Il gruppo, formato allora da Davide Tiso alle chitarre e Giuliano Mogicato al basso, sintetizzatori, programming e voce, riuscì a proporre già da questo primo “Phormula” qualche cosa di nuovo nel panorama estremo, qualche cosa che fosse davvero diverso e che risultasse talmente tanto di rottura col passato da essere o amato alla follia o odiato in maniera viscerale. Il loro post-black metal assumeva infatti tinte prettamente progressive, grazie al continuo utilizzo di cambi di tempo, riffs ed assoli particolarmente elaborati ma anche atmosfere che ricordavano da vicino i grandi gruppi degli anni ’70.
E’ così che nel 2000 nasce il loro primo capolavoro formato da otto canzoni, tutte estremamente complesse e destrutturate fino alla fine, nelle quali in significato di canzone vista come un composizione di strofa-ritornello va letteralmente a farsi benedire, preferendo strutture più complesse, nelle quali spesso il testo assume la forma di un vero e proprio racconto. Musicalmente ogni track si distacca da quanto sentito fino all’ora, si passa dal black metal elettronico di “Embossed” che presenta al suo interno break strumentali da togliere il fiato, ma anche accelerazioni degne dei migliori Emperor (con le dovute differenze stilistiche), il tutto coadiuvato dallo screaming impazzito di Giuliano. Si toccano territori di black metal melodico con la seconda “The Greyness Grows Already Old” introdotta e condotta da un piano delicatissimo che si snoda attraverso riffs impenetrabili e una batteria sparata a velocità pazzesca, così come estremamente rapidi risultano essere gli assoli di chitarra posti nella seconda parte della canzone.

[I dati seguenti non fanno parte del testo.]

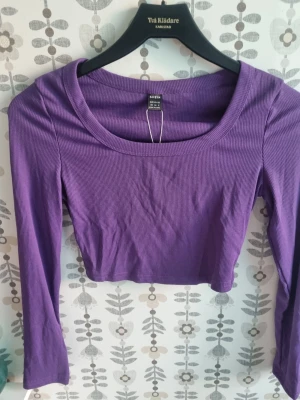 Lila ribbad croppad topp - Trendig lila croppad topp med lång ärm och ribbad struktur. Toppen har en rundad urringning och är perfekt för att styla med höga jeans eller kjol. Enkel men snygg design som passar till många olika looks.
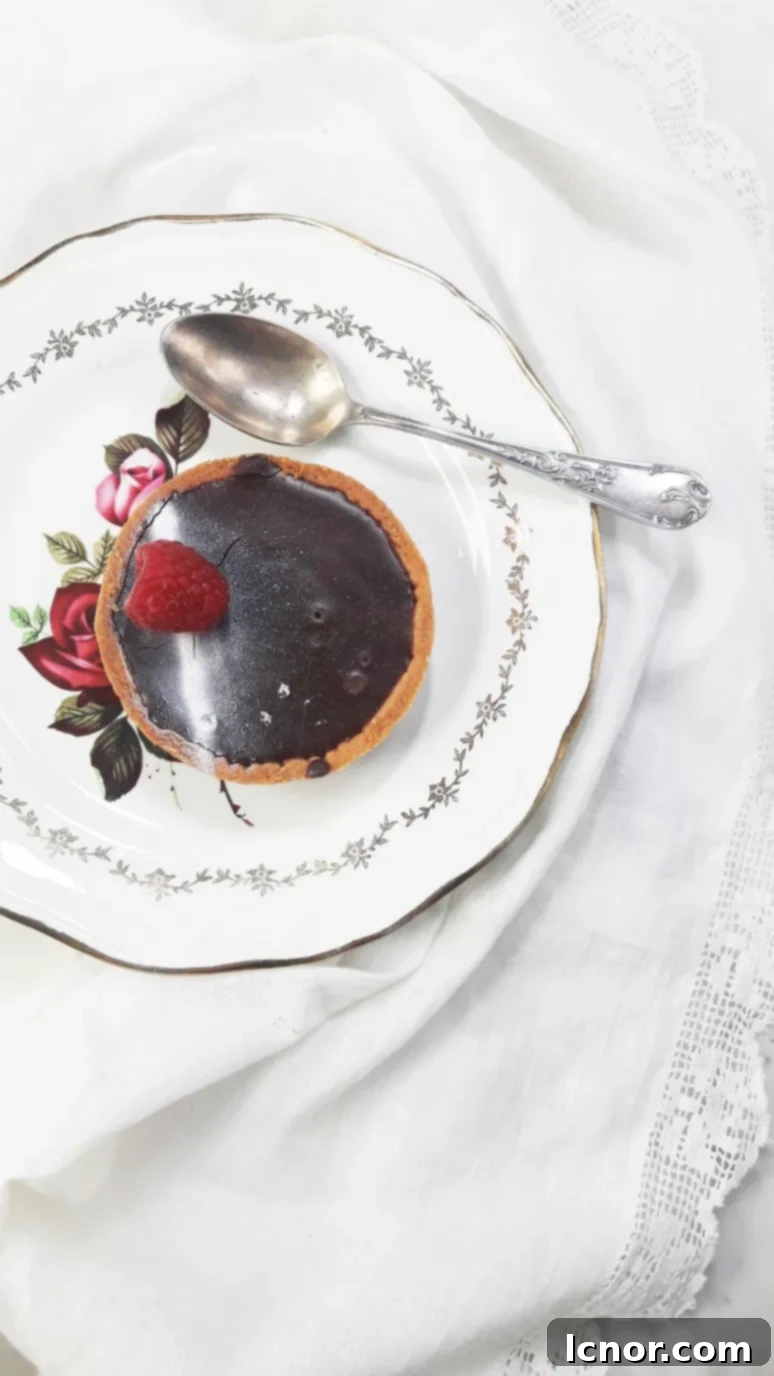 Rich organic chocolate shortbread tart with a fresh raspberry from Panifica Bakery, a must-try in Paris. | ahedgehoginthekitchen.com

Da citare ancora risulta essere “A Flickering Warmth”, dotata di un appeal particolarmente scuro e maligno, che mette maggiormente in mostra la parte black della band, senza disdegnare però degli accenni elettronici, specie per quanto riguarda la batteria. Splendidi gli effetti di tastiera che tendono a rendere le atmosfere ancora più tetro. Un po’ come una mosca bianca troviamo poi lo strumentale “Myriad” dai toni quasi gitani, scandita da tamburi in sottofondo e condotta da una delicatissima melodia chitarristica che mostra come i musicisti abbiano un gusto nei confronti della musica davvero raro.
“Pursuing The Instinct” pensa a riportarci sui territori più prettamente black, rivelandosi come l’ennesima mazzata, sparata a velocità impensabili, che sostengono le vocals del cantante ancora una volta incentrate sullo scream. Estremamente atmosferico l’assolo di chitarra che rallenta leggermente il tiro, attestandosi su una velocità di esecuzione molto più controllata, preferendo sottolineare invece l’aspetto emotivo. Gli altri episodi pur presentandosi tutti in maniera estremamente positiva risultano però esser meno rappresentativi, attestandosi su livelli qualitativi più che buoni, peccando solamente un poco in varietà e presentandosi pressoché simili l’uno all’altro.
Tenuto conto che, escludendo il primo demo, questo è il primo lavoro sulla lunga distanza per questi padovani, il risultato finale non può che entusiasmare tutti coloro che amano la sperimentazione in tutti i campi musicali; questo non è un disco adatto a tutti, anzi, forse in pochi lo riusciranno ad accettare fino infondo, ma chi ci riuscirà resterà davvero estasiato sia dall’aspetto prettamente musicale, sia da quello tecnico, dal momento che i nostri tirano fuori una prestazione strumentale davvero ineccepibile e assolutamente esente da alcun tipo di critica.